Volvo: Our Driverless Car Will Be Out in 4 Years, and It Will Be Way More Advanced Than Anyone Else’s
Jennifer van der Kleut
Volvo is moving full-speed ahead toward debuting its own self-driving car, claiming it will be released in the next four years-and, quite confidently, stating it will be “way more advanced” than any other company’s vehicle.
Tech Insider reports, Volvo spokespersons say they are marketing their forthcoming driverless car as one in which people will be mere passengers, not drivers, who will be able to do other activities like read, work, eat or sleep rather than pay attention to what the car is doing.
“We are really trying to deploy the technology in reality. And when I say that, I mean self-driving cars that allow drivers to do something else behind the steering wheel,” Erik Coelingh, Senior Technical Leader for Safety and Driver Support Technologies, told Tech Insider.
One of the ways Volvo plans to accomplish this is through the DriveMe testing pilot, which they are touting as “the largest and most ambitious autonomous driving pilot yet.”
DriveMe will allow ordinary citizens to lease autonomous cars for public testing on pre-mapped streets and routes, and will collect data on the cars’ performance. With the valuable data gathered from the tests, Volvo says it will be able to perfect their autonomous drive systems in time for a 2020 mass debut.
The first few DriveMe locations will reportedly be London, China, and Volvo’s home nation of Sweden.
In tandem with Volvo’s claim that they will have autonomous cars out by 2020, the company has also famously promised that their cars will be completely “fatality-free” by then as well.

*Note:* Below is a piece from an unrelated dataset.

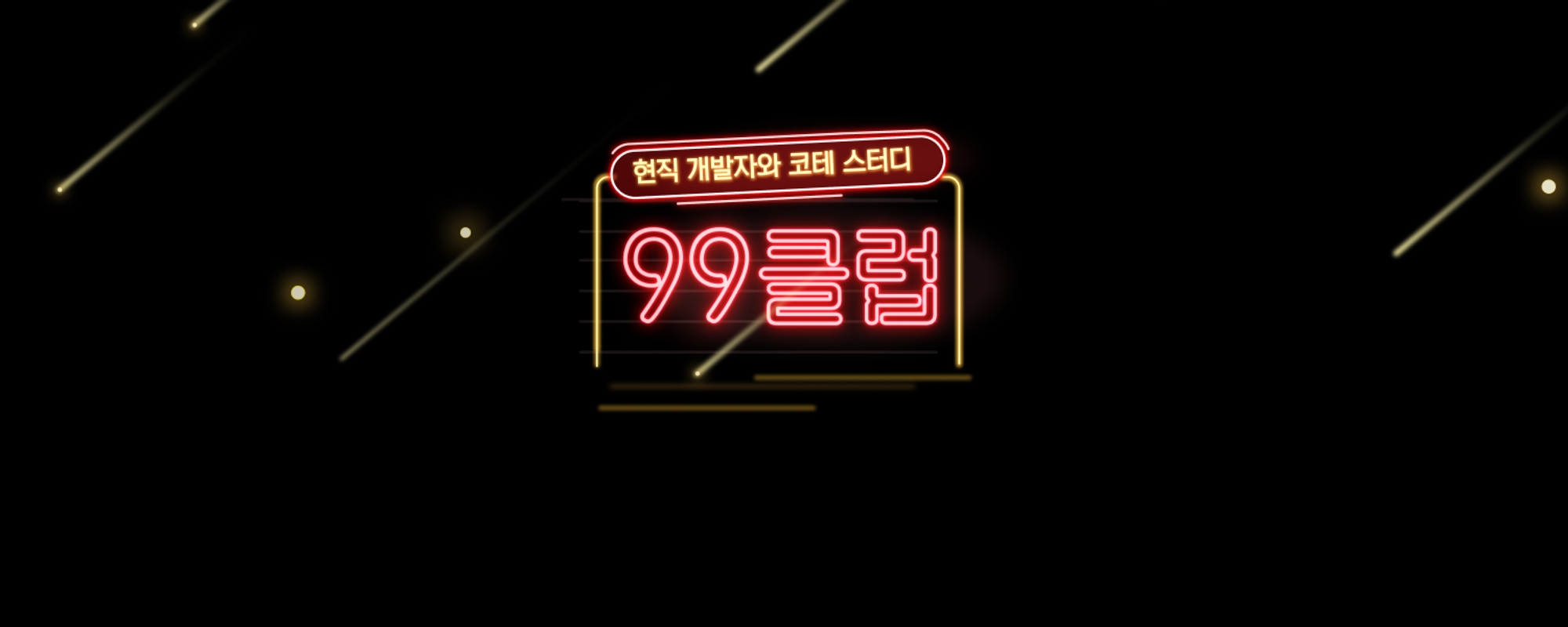 99club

Volvo spokespersons say their cars will combine advanced safety features with autonomous drive technology to create the alleged casualty-proof cars.
Some experts say, Volvo is already close to achieving its goal of having no one die in one of its cars. According to Tech Insider, the company tracks how many people in Sweden die in its cars each year; and in the previous generation of its XC90, only one person died. Furthermore, according to the Institute for Highway Safety latest safety data, no one in the U.S. died in an XC90 between 2009 to 2012.
As it works toward its fully autonomous car, Volvo plans to release a partially autonomous car, reportedly similar to Tesla’s Autopilot, by 2017, Digital Trends reports.
Volvo CEO and President Håkan Samuelson told Digital Trends, “Autonomous driving represents a leap forward in car safety. The sooner [self-driving] cars are on the roads, the sooner lives will start being saved.”